FedEx is opening four new hubs and “dozens” of small, satellite facilities to receive, sort and ship an expected surge in packages between Thanksgiving and Christmas, executives said this week. UPS is expanding a network of temporary sorting hubs and is increasing its use of software to help sort packages faster, a spokeswoman said.

Both companies have also invested in automation so they can process more packages over the holidays while keeping staffing levels relatively steady. If their projections hold, FedEx and UPS will have kept the number of seasonal workers steady for two years running, at over 50,000 and 95,000 workers respectively, after sharply ramping up holiday hiring earlier in the decade.

“We’ve been able to hold the line and sustain the number of seasonal workers” despite having more volume, said Susan Rosenberg, a UPS spokeswoman.

Many of FedEx’s new facilities will have automation technology that moves and scans packages at a faster pace, which helps offset its reliance on hard-to-find seasonal workers, said Raj Subramaniam, an executive vice president at FedEx. The company saw volumes reach 25 million shipments in a day three times during the peak holiday period last year, he said. The Memphis, Tenn., company ultimately kept on seasonal workers into 2016 because of growing e-commerce demand throughout the year.

FedEx spokesman Glen Brandow said the projected holiday hiring number could grow, and said there is no link between the company’s technology and its flat projection.

The automated satellite facilities also bring more FedEx services closer to its retail customers, said Satish Jindel, president of tracking software developer ShipMatrix, Inc. FedEx is “realigning the network for the new e-commerce world…They are recognizing that the world of parcel has changed as a result of rapid growth of online retail,” he said.

UPS’s additional “mobile delivery centers,” first introduced in 2014, are often built in clusters and are located near population centers where e-commerce is growing quickly.

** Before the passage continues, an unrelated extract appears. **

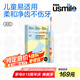 usmile笑容加兒童電動(dòng)牙刷 聲波震動(dòng) 180天續(xù)航 A10藍(lán) 3-6-12歲 學(xué)生禮物 生日禮物 兒童節(jié)禮物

They can be activated to help the Atlanta-based carrier handle the peak rush without further increasing seasonal hires, and deactivated when they aren’t needed, Ms. Rosenberg said.

UPS is also increasing its use of technology. Instead of memorizing zip codes, software and automation technology help route packages, reducing training time and increasing accuracy. The system also enables UPS to more easily workers between different tasks and units.

The changes come as logistics and transportation companies are dealing with the increased complexity and higher costs of fulfilling online orders, which have to be collected, sorted, then sent out to widely scattered addresses in shorter windows of time. As shoppers grow more accustomed to last-minute gift orders, FedEx and UPS, as well as retailers and their other logistics providers, have struggled in recent years to deliver so many packages in time for the holidays.

Adding to the complexity, US consumers are also increasingly buying oversized items online, such as exercise bicycles and mattresses, which require manual handling because they cannot be fed onto conveyor belts in automated facilities along with smaller packages.

FedEx and UPS have both raised prices for delivering large packages, and FedEx is allocating separate space at six of its facilities this year to sort and ship the bulky items, an attempt to prevent surging volumes of appliances and furniture from gumming up the works at its main sorting centers. In total, FedEx expects capital spending for its current fiscal year to reach $5.6 billion, up from $4.8 billion last year.

FedEx and UPS collectively make up 40 percent to 45 percent of deliveries, with the US Postal Service making up most of the rest of the market, according to Shipmatrix.